(C. Fotia) – Il sindaco di Roma Ignazio Marino e il presidente del Coni Giovanni Malagò hanno tracciato una linea di contrasto alla violenza che si infiltra nel mondo del calcio assolutamente condivisibile. Ci auguriamo che tutte le istituzioni sportive e politiche la facciano propria. Marino e Malagò condannano senza se e senza ma l’agguato contro il pullman del Verona, che avrebbe potuto avere conseguenze tragiche. Si tratta di un gesto criminale premeditato e compiuto da pochi delinquenti che devono essere assicurati alla giustizia, su questo non ci piove. Sia che si tratti, come sembra, di due ragazzini che fanno una bravata, sia che si stia di fronte a un atto teppistico premeditato.

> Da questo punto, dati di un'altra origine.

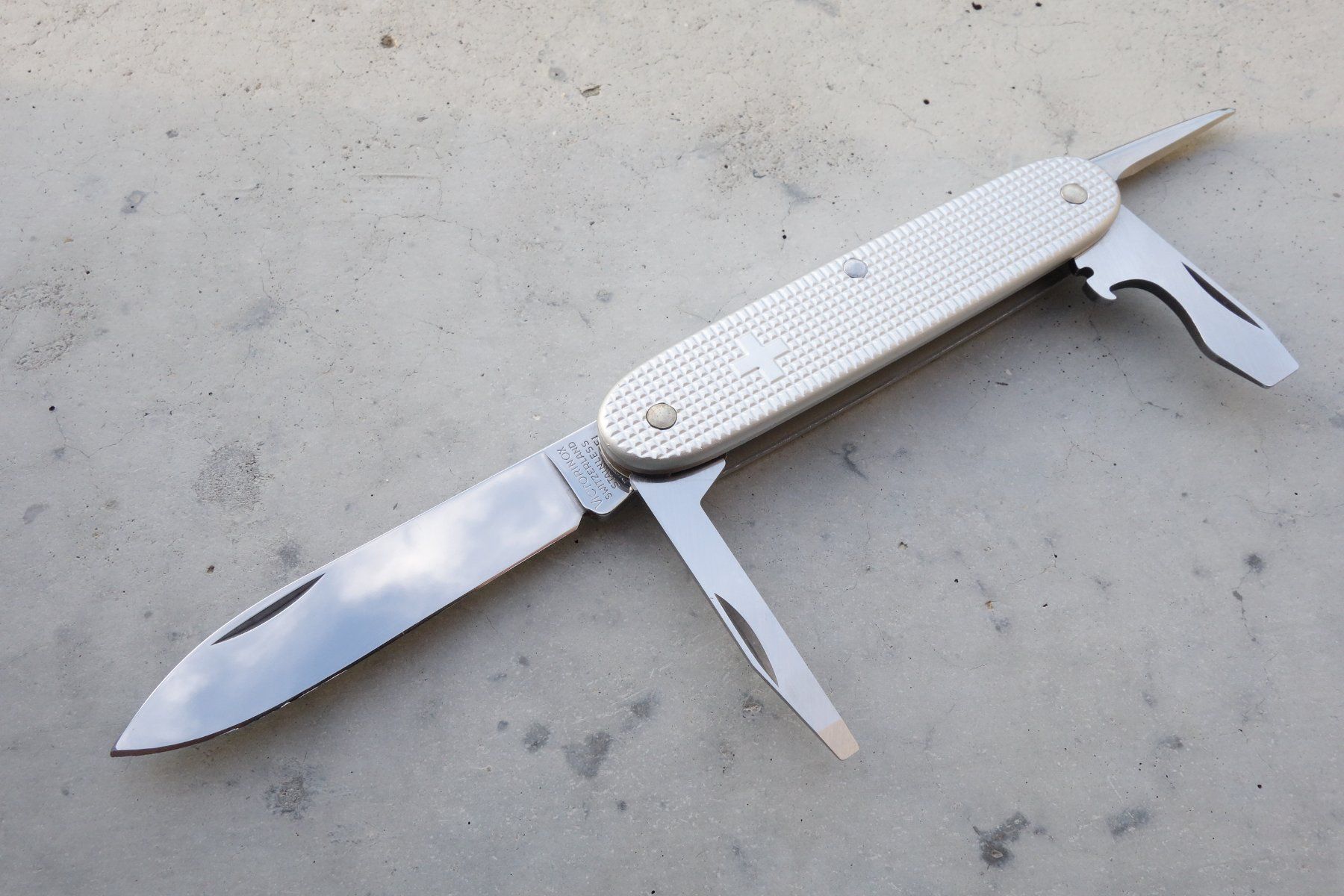 Victorinox Coltelli tascabile: Victorinox Technician Old Cross Sackmesser – Usato da St. Gallen venduto da 8201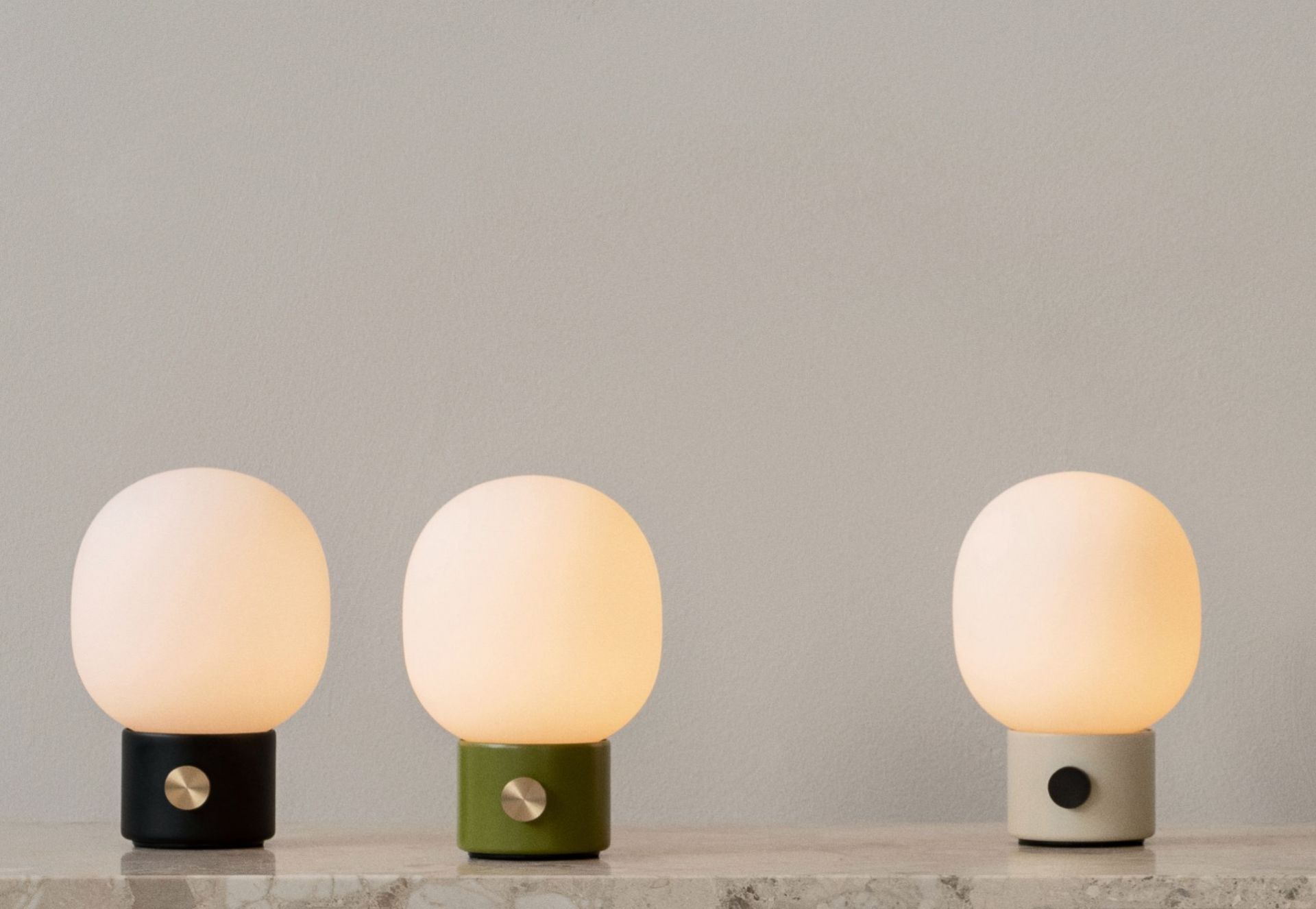JWDA Lampe de table portable Blanc albâtre Audo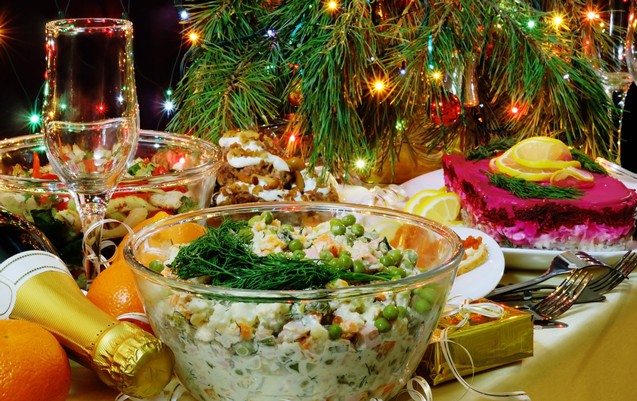 bayram-sufresinde-zeherlendiler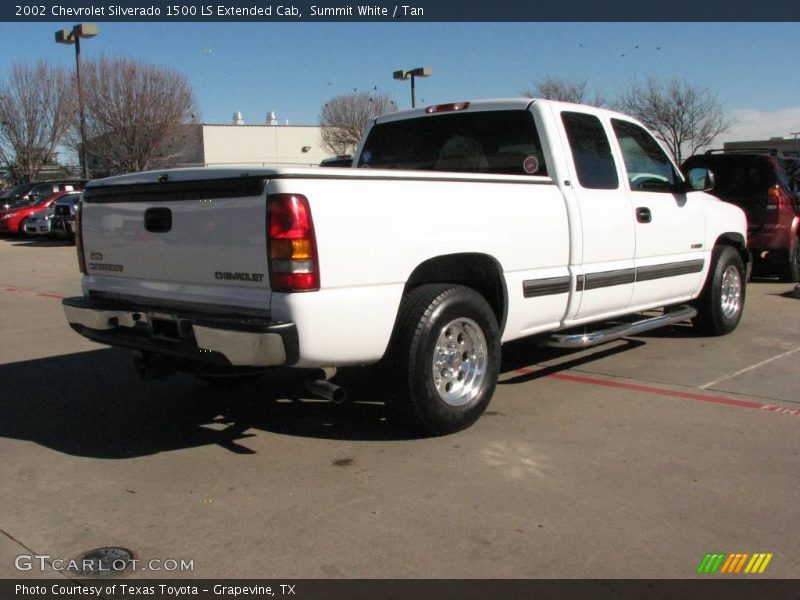 Summit White / Tan 2002 Chevrolet Silverado 1500 LS Extended Cab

Ma condannare non basta se non si individuano efficaci linee di condotta in grado di restituire al calcio la dimensione di una passione popolare, pulita, civile.
Marino e Malagò rifiutano giustamente l’identificazione di tutta una tifoseria e di un’intera città con il singolo gesto folle avvenuto dopo la partita e lontano dallo stadio e chiedono che i responsabili siano individuati e puniti ma che, nel contempo, si lavori per restituire al calcio quella dimensione di festa popolare e pacifica che è l’unico vero antidoto alla violenza. Detto questo, la criminalizzazione dei tifosi (o addirittura dei romani, come in un primo tempo sembrava voler fare il sindaco di Verona Flavio Tosi) non solo è ingiusta, ma anche inefficace. L’agguato al pullman è avvenuto lontano dallo stadio ad opera di qualcuno che conosceva il percorso che avrebbe compiuto, quindi non si può ascrivere ad una reazione “emotiva” (per altro del tutto incomprensibile visto che la Roma aveva vinto la partita). Dunque, qui si tratta di individuare chi e perché l’ha fatto. È compito delle forze dell’ordine e della magistratura indagare e darci una risposta. I gruppi che usano lo stadio e il calcio come occasione di predicazione e pratica della violenza vanno estirpati con tutta la forza necessaria, con gli strumenti della legge e del diritto.
Questo attiene alla responsabilità delle forze dell’ordine e degli inquirenti, Tutto il resto, ed è moltissimo, spetta al mondo del calcio e alle istituzioni, all’informazione. Non possiamo ignorare che l’emarginazione sociale provocata dalla crisi economica spinge molti giovani a comportamenti violenti (spesso anzitutto contro se stessi) e gli stadi, essendo tra i luoghi più frequentati dai giovani, sono come una spugna che assorbe i miasmi della disperazione sociale. Non sto invocando una spiegazione sociologica per giustificare comportamenti ingiustificabili. Voglio dire che servono iniziative concrete e diffuse sul territorio, occorre che il calcio, e lo sport in generale, diventino veicoli di quei valori positivi che essi possono trasmettere. L’idea del gioco di squadra e quindi della cooperazione solidale, del rispetto dell’avversario, della lotta contro ogni forma di discriminazione a cominciare da quella razziale.
I pochi deficienti che indirizzano i loro cori beluini contro i giocatori di colore o usano la parola “ebreo” come fosse un’insulto, possono essere sconfitti solo da una reazione corale, da un diffusione negli stadi, nelle scuole, nelle università, nelle periferie degradate, di valori di segno opposto; da una lotta senza quartiere alla corruzione nel mondo del calcio, al doping che falsa i risultati, al prevalere del business e della logica della vittoria a ogni costo, dall’affermarsi della lealtà e del rispetto. Il mondo dello sport è pieno di esempi positivi che possono dar corpo a un’etica dello sport che contrasti razzismo, ignoranza, violenza. Noi saremo in prima linea in questa battaglia, difendendo i diritti dei tifosi per bene che sono la stragrande maggioranza, ma chiamando anche loro a un’assunzione di responsabilità. Intanto, rilanciando l’idea del sindaco Marino di fare del prossimo derby una grande festa dello sport, popolare e non violenta. Roma non è un covo di violenti, dimostriamolo insieme, romanisti e laziali, il prossimo 22 settembre.